One would think, though, that armed with this seasons-changing knowledge I’d have an uncanny knack for remembering what that seasonal shift actually feels like. Unfortunately, I do not. I spent the first hour of last Saturday’s ride with frozen fingers and chattering teeth.

Those gloves that I thought were fine for 50 degrees? Well, yes, they are. But the problem was that it was actually only 44. And in that case, those gloves were not enough. And I can’t even begin to fathom how awful it would have been had I gone sans baselayer, as I was originally thinking.

All of this comes after being in the same position a year ago (and the year before that, etc.). Basically, I forgot what 44 degrees feels like. (It’s cold, if you’re wondering.) That teeth-chattering ride jogged my memory, though. And pretty soon, though, I’ll settle into the routine.
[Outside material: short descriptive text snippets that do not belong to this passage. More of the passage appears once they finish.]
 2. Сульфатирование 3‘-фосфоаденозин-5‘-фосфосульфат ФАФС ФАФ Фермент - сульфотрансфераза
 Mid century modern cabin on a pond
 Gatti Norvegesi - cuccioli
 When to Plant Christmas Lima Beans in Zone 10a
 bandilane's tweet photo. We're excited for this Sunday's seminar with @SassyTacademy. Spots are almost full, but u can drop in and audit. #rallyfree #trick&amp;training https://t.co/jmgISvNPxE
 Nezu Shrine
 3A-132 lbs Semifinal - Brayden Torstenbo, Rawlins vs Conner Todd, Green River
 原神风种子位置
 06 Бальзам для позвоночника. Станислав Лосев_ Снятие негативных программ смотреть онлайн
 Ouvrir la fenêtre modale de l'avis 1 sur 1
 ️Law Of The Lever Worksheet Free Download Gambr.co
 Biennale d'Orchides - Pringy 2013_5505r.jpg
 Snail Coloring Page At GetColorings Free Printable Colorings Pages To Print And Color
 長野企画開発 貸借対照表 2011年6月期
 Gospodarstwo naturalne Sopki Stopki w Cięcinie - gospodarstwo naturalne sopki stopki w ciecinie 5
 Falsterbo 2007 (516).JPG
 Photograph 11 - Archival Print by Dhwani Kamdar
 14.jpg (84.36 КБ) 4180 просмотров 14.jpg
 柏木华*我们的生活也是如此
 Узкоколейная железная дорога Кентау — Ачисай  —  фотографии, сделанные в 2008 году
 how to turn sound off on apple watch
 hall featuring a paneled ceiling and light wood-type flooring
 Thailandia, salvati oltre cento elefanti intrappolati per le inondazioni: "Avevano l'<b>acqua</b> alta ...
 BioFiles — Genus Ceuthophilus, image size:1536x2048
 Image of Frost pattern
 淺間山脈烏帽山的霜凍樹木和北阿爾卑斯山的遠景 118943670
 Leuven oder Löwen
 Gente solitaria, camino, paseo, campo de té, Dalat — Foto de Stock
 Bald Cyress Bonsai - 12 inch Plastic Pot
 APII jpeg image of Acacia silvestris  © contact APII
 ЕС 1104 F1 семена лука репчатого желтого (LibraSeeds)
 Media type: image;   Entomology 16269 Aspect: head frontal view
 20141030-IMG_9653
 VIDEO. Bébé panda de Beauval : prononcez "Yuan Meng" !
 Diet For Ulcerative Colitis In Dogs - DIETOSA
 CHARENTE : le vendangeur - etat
If you’re interested, here’s my breakdown on what goes on, and when:

Above 60 degrees
- Summer kit. Period.

Between 50 and 60
- Arm warmers
- Cap under the helmet
- Knee warmers or embrocation
- Full-finger gloves (summer weight)
- Baselayer if it’s closer to 50

Between 40 and 50
- Arm warmers
- Cap under the helmet (maybe a full skull cap closer to 40)
- Knee warmers or embrocation
- Full-finger gloves (windshell gloves)
- Baselayer or light vest
- Toe covers in the mid-40s, shoe covers in the low-40s

Between 30 and 40
- Arm warmers or long-sleeve thermal jersey
- Skull cap under the helmet
- Knee warmers (sometimes with embrocation)
- Wool socks
- Thermal gloves
- Shoe covers
- Baselayer or vest

Below 30
- Thermal jersey or winter jacket
- Skull cap under the helmet
- Thermal bib shorts (with leg warmers) or thermal bib tights
- Heavier wool socks
- Shoe covers
- Base layer
- Heavy gloves

Below 20
- Just ride the trainer

Obviously, those are ranges and clothing choices that work well for me. I tend to dress a bit lighter than my regular riding partners. Their rule is typically, “add one layer to whatever he’s wearing.” For me, the goal is to be comfortable at the pace of the ride, not standing around in the parking lot. Because if I’m toasty warm while we’re hanging out waiting to leave, I’ll probably be too hot on the bike.

And if it’s under 20? That’s choose-your-own-adventure territory there. I’ve ridden plenty with temps in the teens, and I have to say I haven’t really enjoyed any of those rides. I spent way too much time trying to stay warm instead of enjoying the ride. And if you do go out? Wear lots of layers, and don’t skimp on the hands and feet.